Flugausfall: Passagiere können sich online für Reisegutschein entscheiden

Solange Fluggästen, deren Flug ausgefallen ist, klar ist, welche Optionen sie haben, können sie sich auch per Online-Formular entscheiden, statt Geld einen Gutschein der Fluggesellschaft zu akzeptieren. Diese praktische Online-Auswahl zu verbieten, wäre nach Ansicht des EuGH nicht im Interesse der Reisenden.

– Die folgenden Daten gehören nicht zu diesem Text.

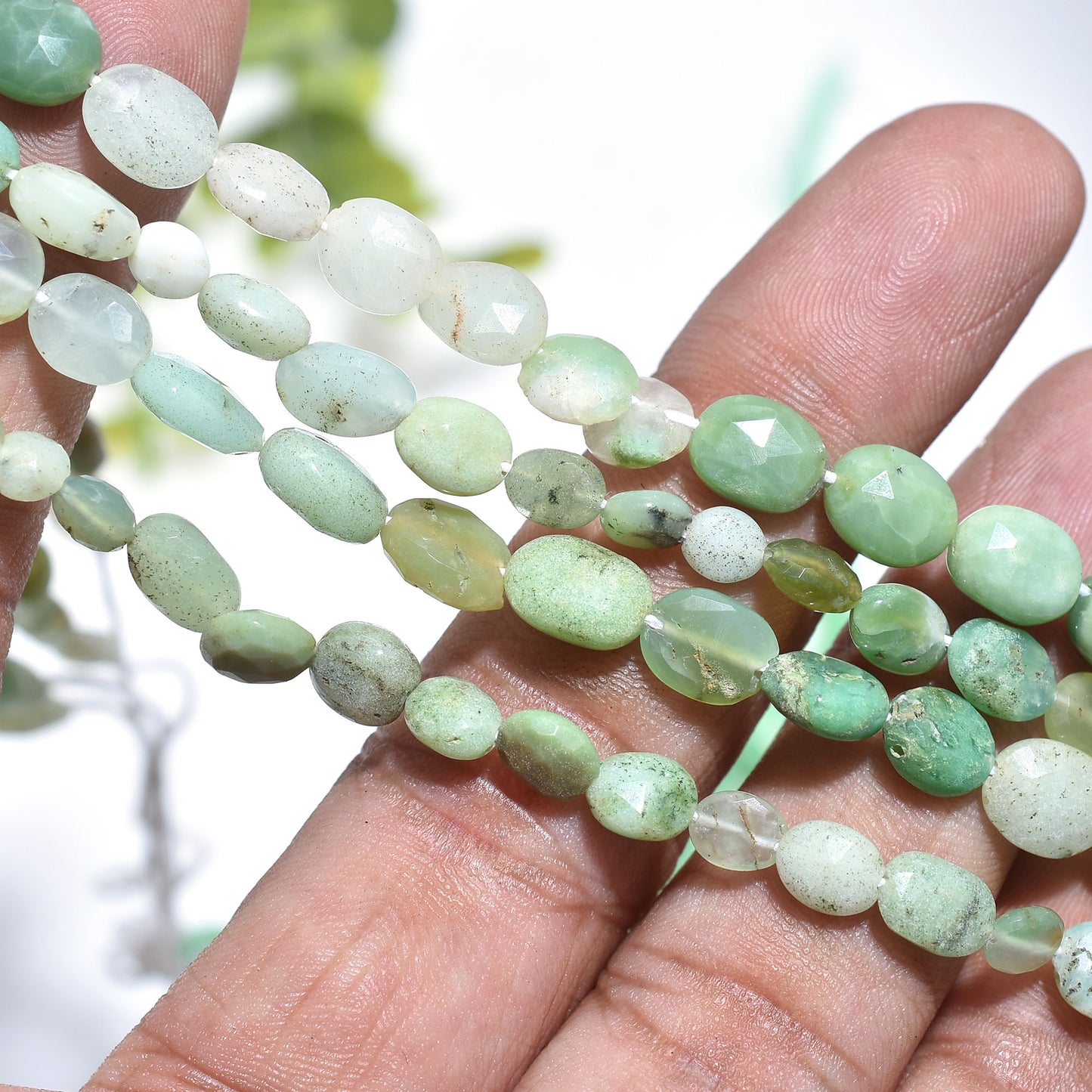Natural Chrysoprase Beads – Faceted Oval Nugget Gemstone Strand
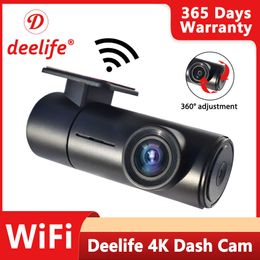 Car dvr Deelife 4K Dash Cam for Camera Recorder WiFi Black Box DashcamHKD230701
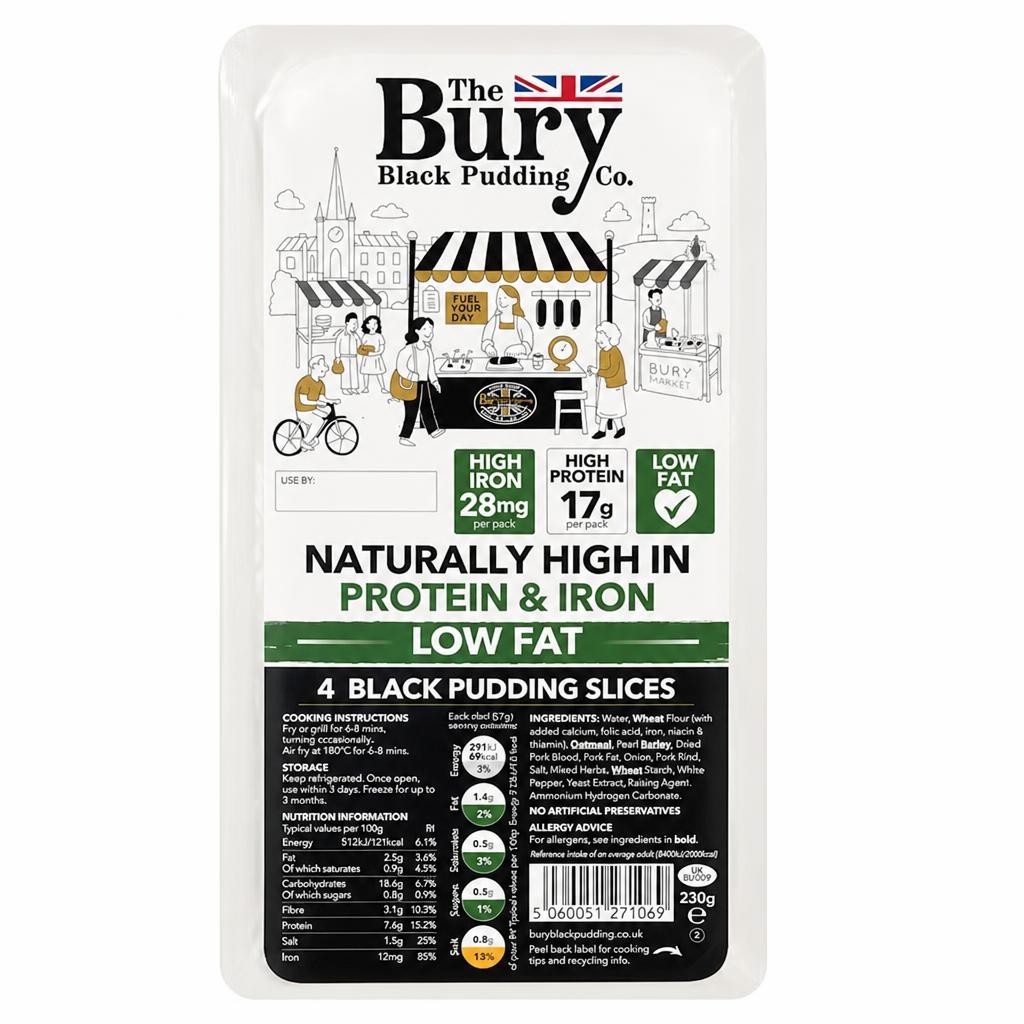 Bury Black Pudding 4 Slices 230G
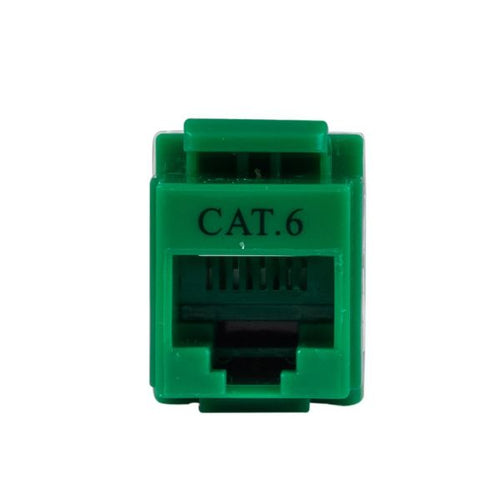 DYNAMIX FP-C6-GREEN - Cat6 Green Keystone RJ45 Jack for 110 Face Plate T568A/T568B Wiring 180 Slimline Jack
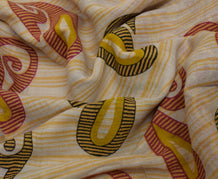 Sushila Vintage Indian Saree 100% Pure Cotton Printed Paisley Soft Craft Fabric
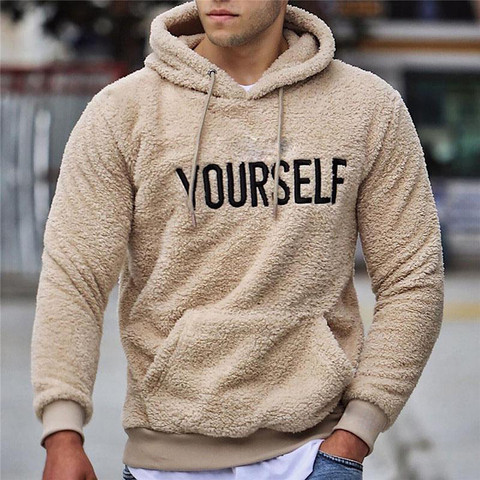 Autumn Winter Men Warm Plush Fleece Hoodie Sweatshirts Casual Long Sleeve Letter Print Hooded Pullover Top With Kangaroo Pocket ► Photo 1/6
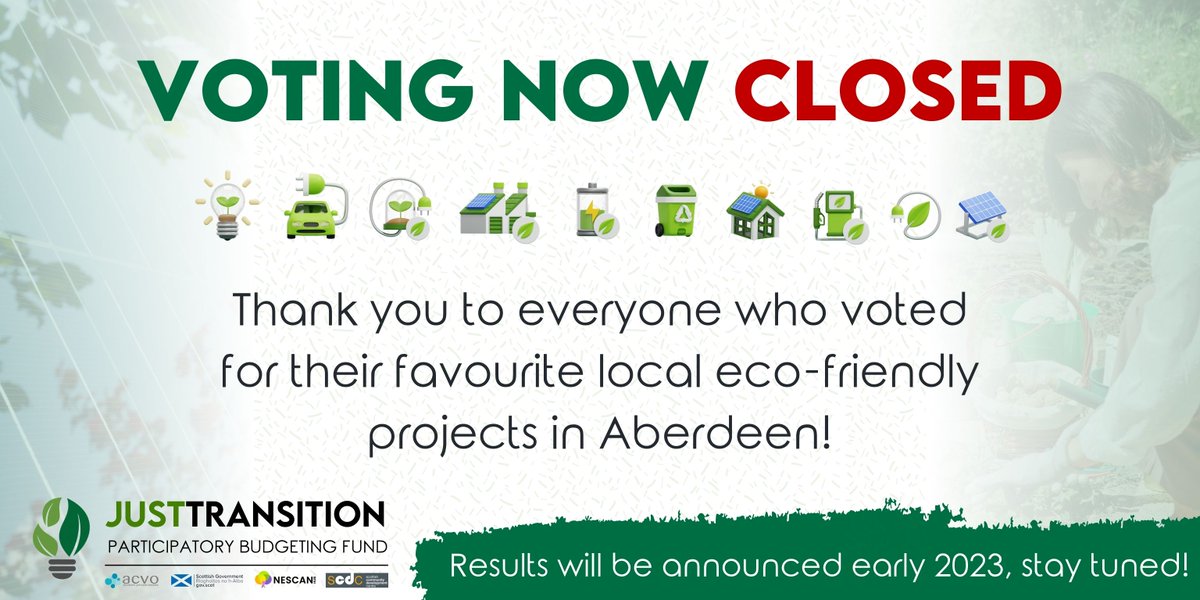 🚨VOTING NOW CLOSED!🚨

⛔️The #JTPBFund vote is now closed

👏Thank you to everyone who voted for their favourite eco-friendly projects in #Aberdeen & had their say in #Scotland's just transition to #NetZero!

⏳The successful projects will be announced in early 2023, stay tuned!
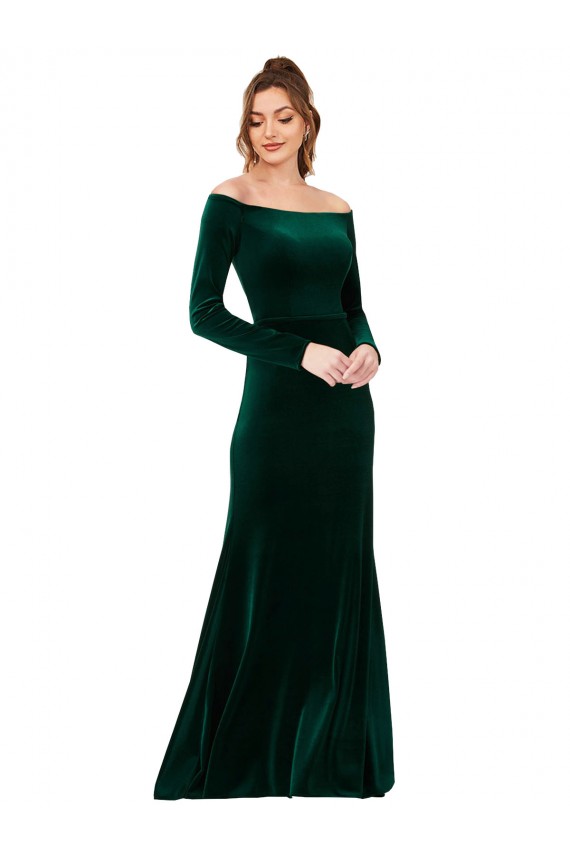 Dark Green Off the Shoulder Long Sleeves Long Prom Dress Canada Supplier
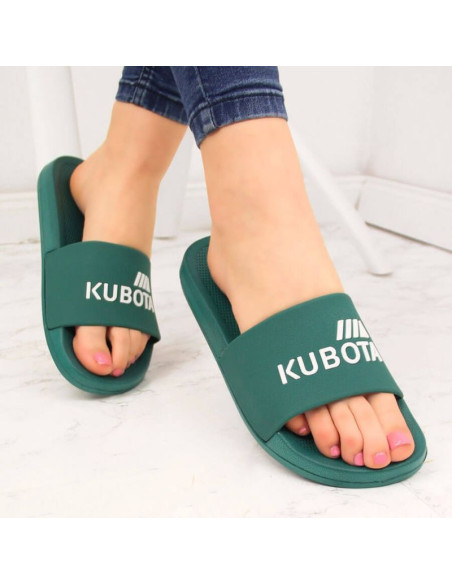Klapki plażowe basenowe basic zielone kubota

Wenn etwas schief gegangen ist, sind Gutscheine aus Unternehmenssicht weit angenehmer als Entschädigungszahlungen. Das Unternehmen muss kein Geld auszahlen und erhöht die Wahrscheinlichkeit, dass die Kundschaft auch den nächsten Einkauf bei ihm tätigt, schließlich wird es ja billiger. Das gilt auch und gerade für Fluggesellschaften. So bot die portugiesische Fluglinie TAP Reisenden bei einem annullierten Anschlussflug zwei Möglichkeiten zur Auswahl an: Entweder eine direkte Erstattung des Flugpreises per Reisegutschein oder eine Prüfung des Sachverhalts durch das "Contact-Center" der Gesellschaft, die dann beispielsweise eine Rückzahlung des Preises veranlasste.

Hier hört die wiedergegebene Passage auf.